Can you imagine going into work in the morning and seeing a huge jar of condoms placed on one of the communal desks, ready for any of the employees to dip into and take?

That’s what’s on offer to the employees at Australia’s largest radio company, Southern Cross Austereo, in Perth to discourage them from having children.

Linda Wayman, who runs SCA’s radio stations Mix 94.5 and Hit 92.9, spoke at a Mumbrella conference in Perth this week, saying more than one-third of her employees are on maternity leave or covering for someone who is.

“Thirty-five per cent of my staff at the moment are on a maternity leave contract or maternity leave and that’s significant” she said.

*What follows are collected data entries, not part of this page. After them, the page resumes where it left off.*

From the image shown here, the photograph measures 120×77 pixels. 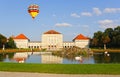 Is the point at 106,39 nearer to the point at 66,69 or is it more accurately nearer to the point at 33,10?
the point at 33,10

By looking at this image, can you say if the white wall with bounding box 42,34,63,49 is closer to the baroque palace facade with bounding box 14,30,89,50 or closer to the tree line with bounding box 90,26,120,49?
the baroque palace facade with bounding box 14,30,89,50

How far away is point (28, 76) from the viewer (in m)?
11.7

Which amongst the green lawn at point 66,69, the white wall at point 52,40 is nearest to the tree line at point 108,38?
the white wall at point 52,40

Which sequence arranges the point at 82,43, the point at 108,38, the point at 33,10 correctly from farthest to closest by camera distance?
the point at 82,43 < the point at 108,38 < the point at 33,10

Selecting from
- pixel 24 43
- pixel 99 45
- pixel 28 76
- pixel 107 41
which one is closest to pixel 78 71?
pixel 28 76

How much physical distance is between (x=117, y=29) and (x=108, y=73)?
72163 mm

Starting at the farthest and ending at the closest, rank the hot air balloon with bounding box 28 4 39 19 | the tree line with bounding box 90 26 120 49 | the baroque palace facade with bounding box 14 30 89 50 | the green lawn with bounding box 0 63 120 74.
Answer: the baroque palace facade with bounding box 14 30 89 50, the tree line with bounding box 90 26 120 49, the hot air balloon with bounding box 28 4 39 19, the green lawn with bounding box 0 63 120 74

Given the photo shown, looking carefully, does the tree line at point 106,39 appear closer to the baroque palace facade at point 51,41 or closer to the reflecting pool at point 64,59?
the reflecting pool at point 64,59

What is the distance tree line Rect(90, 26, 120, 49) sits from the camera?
260ft

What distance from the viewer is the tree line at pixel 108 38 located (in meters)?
79.2

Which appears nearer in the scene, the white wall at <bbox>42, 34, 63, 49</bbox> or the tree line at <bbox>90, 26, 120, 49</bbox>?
the tree line at <bbox>90, 26, 120, 49</bbox>

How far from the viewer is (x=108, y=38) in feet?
275

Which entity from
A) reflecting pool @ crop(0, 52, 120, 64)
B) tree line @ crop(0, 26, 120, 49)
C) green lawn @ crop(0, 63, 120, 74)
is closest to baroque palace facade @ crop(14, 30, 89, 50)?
tree line @ crop(0, 26, 120, 49)

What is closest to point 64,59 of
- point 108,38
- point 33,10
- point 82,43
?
point 33,10
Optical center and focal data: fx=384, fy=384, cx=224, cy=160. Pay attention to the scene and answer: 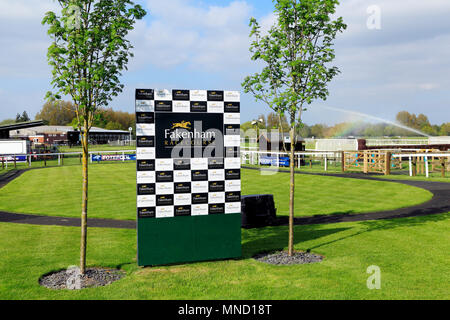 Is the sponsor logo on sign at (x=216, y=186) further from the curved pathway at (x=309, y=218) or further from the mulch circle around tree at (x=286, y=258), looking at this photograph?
the curved pathway at (x=309, y=218)

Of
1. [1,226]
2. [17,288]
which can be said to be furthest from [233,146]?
[1,226]

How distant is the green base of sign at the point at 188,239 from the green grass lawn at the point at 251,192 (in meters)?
5.20

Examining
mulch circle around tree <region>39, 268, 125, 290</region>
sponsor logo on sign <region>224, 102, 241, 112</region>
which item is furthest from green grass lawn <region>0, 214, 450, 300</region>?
sponsor logo on sign <region>224, 102, 241, 112</region>

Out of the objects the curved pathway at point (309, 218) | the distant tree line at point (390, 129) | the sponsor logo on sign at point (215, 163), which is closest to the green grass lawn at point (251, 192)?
the curved pathway at point (309, 218)

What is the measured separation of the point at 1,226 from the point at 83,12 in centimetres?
766

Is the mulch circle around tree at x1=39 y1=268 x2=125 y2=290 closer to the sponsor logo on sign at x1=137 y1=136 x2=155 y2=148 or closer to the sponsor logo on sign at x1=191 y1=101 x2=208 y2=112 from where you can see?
the sponsor logo on sign at x1=137 y1=136 x2=155 y2=148

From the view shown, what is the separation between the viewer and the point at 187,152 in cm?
773

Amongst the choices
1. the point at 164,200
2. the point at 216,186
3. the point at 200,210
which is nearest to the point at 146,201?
the point at 164,200

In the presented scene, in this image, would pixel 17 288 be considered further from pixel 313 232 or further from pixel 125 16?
pixel 313 232

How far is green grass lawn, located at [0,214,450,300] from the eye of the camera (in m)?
6.11

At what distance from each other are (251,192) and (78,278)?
40.3 feet

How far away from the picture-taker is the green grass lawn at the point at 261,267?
6.11 meters

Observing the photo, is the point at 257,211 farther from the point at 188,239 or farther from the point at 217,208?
the point at 188,239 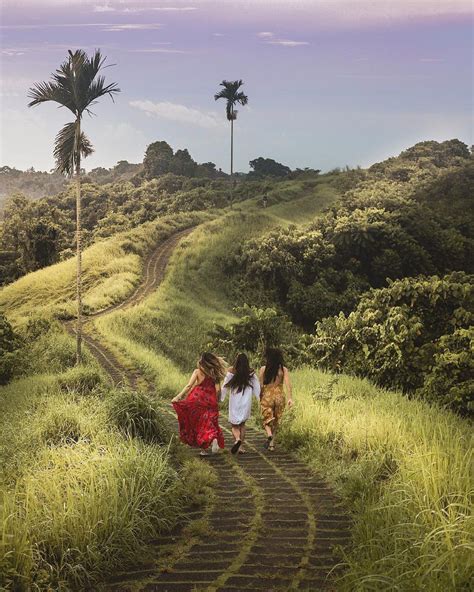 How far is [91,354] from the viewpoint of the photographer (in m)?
21.2

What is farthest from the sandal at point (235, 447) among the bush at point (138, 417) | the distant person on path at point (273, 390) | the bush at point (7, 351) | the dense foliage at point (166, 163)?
the dense foliage at point (166, 163)

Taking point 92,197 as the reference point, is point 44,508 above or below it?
below

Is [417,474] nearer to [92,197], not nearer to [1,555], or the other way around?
[1,555]

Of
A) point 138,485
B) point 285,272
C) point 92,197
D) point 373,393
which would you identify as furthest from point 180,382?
point 92,197

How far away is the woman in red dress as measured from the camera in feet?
30.4

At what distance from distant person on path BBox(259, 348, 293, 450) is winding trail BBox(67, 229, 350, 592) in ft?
4.93

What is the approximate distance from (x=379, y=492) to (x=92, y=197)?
225 feet

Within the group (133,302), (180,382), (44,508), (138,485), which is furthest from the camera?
(133,302)

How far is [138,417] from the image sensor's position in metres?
8.75

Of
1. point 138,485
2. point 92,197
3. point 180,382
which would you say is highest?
point 92,197

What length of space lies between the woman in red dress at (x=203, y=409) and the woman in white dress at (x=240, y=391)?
0.16 meters

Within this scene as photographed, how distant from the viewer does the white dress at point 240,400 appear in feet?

“We do have a big jar of condoms at work. I’m not lying, I’m not exaggerating. I do encourage people regularly, to have sex with condoms. That is a big area of focus for me, encouraging people to have sex with condoms.”

Wayman is so worried about her staff getting pregnant that she’s even opposed to any legislation that enforces the reemployment of staff into part-time roles.

“I don’t agree with the union push at the moment that women coming back to work automatically should be allowed to come back part-time. I’d love to, but I’d be lying if I said that was wonderful. It’s an idealistic and anti-commercial stance.”

Women get pregnant. It happens. And too often it is seen as a financial and social burden for the company as employees go on maternity leave. Some women decide to take time off to have a baby and raise a family, something our current workplace dynamic, which developed during the industrial revolution and favours men in the way it operates, does not always support. But is it right for big business to interfere with employees’ sex lives and reproduction goals?

One mother and CEO of company PowerToFly, Katharine Zaleski, says she used to be one of those high-flying bosses who would dismiss mothers for not being committed enough to their jobs because of the responsibilities to their children.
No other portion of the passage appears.